### ACTIVITY
Retype, word for word, every line from the one holding "Juego de casino online Sweet Bonanza" through the one holding "Inverness: Stadt Highlights" in the entries below, both included, and only those lines.

BEGIN MATERIAL PROVIDED

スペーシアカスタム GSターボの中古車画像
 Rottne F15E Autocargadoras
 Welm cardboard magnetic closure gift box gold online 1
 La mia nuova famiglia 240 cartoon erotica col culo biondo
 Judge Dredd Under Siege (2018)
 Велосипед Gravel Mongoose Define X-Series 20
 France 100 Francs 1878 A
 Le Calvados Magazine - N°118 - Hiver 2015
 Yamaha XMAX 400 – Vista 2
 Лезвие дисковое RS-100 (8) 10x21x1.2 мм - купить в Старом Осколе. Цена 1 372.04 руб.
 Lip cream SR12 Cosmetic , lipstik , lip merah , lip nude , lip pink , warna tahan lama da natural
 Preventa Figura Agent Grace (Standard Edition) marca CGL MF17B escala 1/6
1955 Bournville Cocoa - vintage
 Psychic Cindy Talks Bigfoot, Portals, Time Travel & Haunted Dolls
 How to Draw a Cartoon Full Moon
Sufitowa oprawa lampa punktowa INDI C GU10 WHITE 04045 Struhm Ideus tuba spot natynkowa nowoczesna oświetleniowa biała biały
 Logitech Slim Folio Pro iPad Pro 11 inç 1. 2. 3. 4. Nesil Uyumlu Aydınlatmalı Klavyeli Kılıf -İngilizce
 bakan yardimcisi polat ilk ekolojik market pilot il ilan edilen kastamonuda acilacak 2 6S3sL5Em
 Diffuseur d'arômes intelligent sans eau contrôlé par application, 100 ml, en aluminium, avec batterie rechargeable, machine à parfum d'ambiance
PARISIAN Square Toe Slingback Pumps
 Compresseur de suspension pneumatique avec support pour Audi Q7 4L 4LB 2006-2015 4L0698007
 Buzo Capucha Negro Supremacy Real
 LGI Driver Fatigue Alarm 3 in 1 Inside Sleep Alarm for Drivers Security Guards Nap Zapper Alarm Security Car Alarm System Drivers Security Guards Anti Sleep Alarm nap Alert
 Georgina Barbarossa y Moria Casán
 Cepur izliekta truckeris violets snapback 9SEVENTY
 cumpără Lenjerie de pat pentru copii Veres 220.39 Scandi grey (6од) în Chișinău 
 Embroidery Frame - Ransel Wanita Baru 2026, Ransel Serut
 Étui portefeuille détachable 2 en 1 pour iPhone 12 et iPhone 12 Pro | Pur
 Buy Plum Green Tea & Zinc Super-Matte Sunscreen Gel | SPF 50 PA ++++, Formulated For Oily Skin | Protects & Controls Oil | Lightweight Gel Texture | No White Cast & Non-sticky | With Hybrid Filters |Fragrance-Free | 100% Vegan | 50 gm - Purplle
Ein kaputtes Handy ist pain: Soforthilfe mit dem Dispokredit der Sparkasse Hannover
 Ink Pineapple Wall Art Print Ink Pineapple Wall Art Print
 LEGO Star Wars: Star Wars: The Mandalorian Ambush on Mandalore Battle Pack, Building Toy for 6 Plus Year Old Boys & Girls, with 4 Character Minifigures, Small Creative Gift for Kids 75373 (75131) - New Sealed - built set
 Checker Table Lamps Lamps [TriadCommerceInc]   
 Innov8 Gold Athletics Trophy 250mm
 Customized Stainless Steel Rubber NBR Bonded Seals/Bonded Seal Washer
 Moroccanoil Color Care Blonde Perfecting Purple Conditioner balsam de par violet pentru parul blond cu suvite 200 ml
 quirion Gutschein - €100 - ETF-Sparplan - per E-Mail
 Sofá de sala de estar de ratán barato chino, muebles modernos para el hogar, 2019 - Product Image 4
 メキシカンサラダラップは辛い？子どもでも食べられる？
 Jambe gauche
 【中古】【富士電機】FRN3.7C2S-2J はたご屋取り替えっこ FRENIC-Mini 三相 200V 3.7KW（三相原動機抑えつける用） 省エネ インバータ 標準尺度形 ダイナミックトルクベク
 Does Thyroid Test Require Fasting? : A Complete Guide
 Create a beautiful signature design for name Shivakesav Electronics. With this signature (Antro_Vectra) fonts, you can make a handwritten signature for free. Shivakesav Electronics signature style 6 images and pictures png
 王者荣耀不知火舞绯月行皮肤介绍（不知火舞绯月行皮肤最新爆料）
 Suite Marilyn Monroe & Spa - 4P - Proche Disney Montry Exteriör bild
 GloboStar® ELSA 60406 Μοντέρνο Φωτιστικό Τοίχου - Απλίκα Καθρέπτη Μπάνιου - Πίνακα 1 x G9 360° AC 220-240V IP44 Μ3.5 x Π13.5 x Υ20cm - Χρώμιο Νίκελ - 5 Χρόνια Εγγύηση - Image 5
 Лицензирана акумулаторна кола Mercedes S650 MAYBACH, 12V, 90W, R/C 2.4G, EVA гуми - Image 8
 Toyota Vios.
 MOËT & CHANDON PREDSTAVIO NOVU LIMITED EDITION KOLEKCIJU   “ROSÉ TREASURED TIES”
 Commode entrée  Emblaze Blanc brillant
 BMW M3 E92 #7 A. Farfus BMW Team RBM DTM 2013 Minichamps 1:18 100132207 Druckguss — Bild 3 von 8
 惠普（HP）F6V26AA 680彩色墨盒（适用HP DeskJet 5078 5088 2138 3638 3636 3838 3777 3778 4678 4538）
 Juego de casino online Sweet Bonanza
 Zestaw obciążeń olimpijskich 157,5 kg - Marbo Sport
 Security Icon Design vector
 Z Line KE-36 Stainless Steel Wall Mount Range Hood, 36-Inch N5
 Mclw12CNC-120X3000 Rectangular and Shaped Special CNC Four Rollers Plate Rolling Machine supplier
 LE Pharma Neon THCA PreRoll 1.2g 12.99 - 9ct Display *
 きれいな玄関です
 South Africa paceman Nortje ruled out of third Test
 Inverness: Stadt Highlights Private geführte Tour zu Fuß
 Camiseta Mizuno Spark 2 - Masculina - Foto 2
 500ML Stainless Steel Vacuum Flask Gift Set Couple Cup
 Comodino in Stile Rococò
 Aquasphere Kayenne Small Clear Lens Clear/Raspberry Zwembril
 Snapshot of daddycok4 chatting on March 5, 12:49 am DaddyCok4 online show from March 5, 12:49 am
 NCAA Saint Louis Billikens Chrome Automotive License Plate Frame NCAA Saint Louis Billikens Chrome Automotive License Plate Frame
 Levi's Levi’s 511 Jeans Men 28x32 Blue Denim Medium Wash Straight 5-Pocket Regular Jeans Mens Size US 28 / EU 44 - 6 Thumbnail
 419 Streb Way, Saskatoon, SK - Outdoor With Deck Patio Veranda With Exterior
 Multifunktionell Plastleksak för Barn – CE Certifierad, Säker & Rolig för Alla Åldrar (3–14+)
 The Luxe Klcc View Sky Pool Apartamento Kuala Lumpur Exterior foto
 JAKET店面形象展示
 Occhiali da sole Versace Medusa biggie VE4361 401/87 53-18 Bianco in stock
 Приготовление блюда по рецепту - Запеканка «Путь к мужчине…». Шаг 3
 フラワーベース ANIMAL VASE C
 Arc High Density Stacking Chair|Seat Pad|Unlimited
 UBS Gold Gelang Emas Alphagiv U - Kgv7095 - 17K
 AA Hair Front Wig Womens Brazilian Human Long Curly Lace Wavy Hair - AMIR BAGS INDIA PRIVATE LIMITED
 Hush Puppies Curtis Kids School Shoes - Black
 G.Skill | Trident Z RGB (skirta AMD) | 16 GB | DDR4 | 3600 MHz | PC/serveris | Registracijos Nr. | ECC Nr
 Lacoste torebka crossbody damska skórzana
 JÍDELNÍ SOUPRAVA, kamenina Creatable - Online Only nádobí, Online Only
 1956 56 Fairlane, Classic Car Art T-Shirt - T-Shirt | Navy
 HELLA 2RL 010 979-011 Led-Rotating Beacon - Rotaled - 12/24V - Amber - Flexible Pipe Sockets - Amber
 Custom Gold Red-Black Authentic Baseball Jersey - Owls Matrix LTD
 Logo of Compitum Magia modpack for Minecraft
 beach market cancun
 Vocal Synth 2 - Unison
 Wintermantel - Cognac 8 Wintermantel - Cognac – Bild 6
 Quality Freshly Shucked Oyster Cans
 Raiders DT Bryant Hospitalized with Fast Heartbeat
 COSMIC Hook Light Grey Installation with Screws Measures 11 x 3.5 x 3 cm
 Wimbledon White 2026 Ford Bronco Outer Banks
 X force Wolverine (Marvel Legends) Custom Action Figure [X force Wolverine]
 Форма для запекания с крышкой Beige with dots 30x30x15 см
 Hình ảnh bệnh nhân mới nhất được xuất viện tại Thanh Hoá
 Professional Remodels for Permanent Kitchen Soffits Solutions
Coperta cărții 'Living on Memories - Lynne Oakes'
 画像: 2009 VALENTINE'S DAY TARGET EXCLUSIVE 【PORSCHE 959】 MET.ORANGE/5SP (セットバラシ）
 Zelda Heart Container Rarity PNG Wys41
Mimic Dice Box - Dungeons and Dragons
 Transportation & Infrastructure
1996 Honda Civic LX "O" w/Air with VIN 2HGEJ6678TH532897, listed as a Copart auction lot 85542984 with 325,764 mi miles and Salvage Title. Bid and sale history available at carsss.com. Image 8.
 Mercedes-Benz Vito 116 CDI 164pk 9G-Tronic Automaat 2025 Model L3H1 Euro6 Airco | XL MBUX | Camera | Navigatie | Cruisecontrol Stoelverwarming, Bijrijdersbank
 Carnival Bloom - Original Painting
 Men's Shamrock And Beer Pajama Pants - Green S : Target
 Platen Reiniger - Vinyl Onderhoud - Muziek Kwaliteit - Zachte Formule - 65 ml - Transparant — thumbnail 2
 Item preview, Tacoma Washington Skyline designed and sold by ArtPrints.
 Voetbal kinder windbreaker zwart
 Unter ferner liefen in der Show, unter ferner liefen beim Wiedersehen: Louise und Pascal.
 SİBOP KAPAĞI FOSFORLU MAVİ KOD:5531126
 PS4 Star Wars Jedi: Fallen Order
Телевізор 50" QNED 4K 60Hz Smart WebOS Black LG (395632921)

END MATERIAL PROVIDED

### RESULT OF THE TASK
 Juego de casino online Sweet Bonanza
 Zestaw obciążeń olimpijskich 157,5 kg - Marbo Sport
 Security Icon Design vector
 Z Line KE-36 Stainless Steel Wall Mount Range Hood, 36-Inch N5
 Mclw12CNC-120X3000 Rectangular and Shaped Special CNC Four Rollers Plate Rolling Machine supplier
 LE Pharma Neon THCA PreRoll 1.2g 12.99 - 9ct Display *
 きれいな玄関です
 South Africa paceman Nortje ruled out of third Test
 Inverness: Stadt Highlights Private geführte Tour zu Fuß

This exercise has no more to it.